As one of the largest and most dynamic in the Netherlands, the Amsterdam housing market is itself an interesting case study. One part of Chapter 5, therefore, deals with the diffusion pattern by studying the spatial interrelationships between house prices in Amsterdam. The other part of the chapter studies the house price risks. Using the Granger causality test, a general causal flow of house prices is observed from the central business districts to the peripherals. Simple statistics similarly reveal that house prices grow faster and are more risky in the central business districts than those on the peripherals of the city.

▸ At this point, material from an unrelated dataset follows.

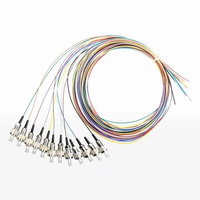 Cable de empalme por fusión de telecomunicaciones de fibra óptica FC UPC Pigtail OS2 9/125um monomodo con código de color, longitud personalizada 12, PVC LSZH CE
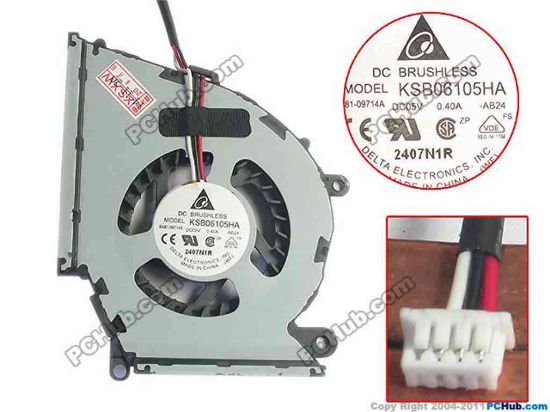118468 Delta Electronics KSB06105HA Cooling Fan  AB24, 5V 0.40A, Bare fan Delta Electronics KSB06105HA Cooling Fan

Chapter 6 is concerned with the efficiency and loss coverage of the index-based home-value insurance scheme. It proposes a modification of the index-based home-value insurances policy, which seeks to reduce the large idiosyncratic residual house price risks. The modification uses aggregate measures of the reference index. Using the hedonic and repeated sales indexes, the empirical analysis suggests the proposed modified scheme is highly efficient and may eliminate up to 70% of the residual risks.
In general, the dissertation adopts innovative empirical methodological approach that combines standard statistical analyses and more recent and complex econometric modelling techniques in the study of the diffusion and risks of house prices in the Netherlands. The application of the graphical approach to the study of diffusions particularly in Chapter 3, is the first of its kind in the context of the housing market.
Furthermore, this dissertation is among the first to entirely provide a comprehensive analysis and the much needed body of knowledge regarding the house price diffusion and risks for the highly regulated Dutch housing market. The results have important policy implications and applications for households, commercial investors and financial institutions in the Netherlands. The results may also generally apply and replicable in other countries and economies with similar housing market conditions.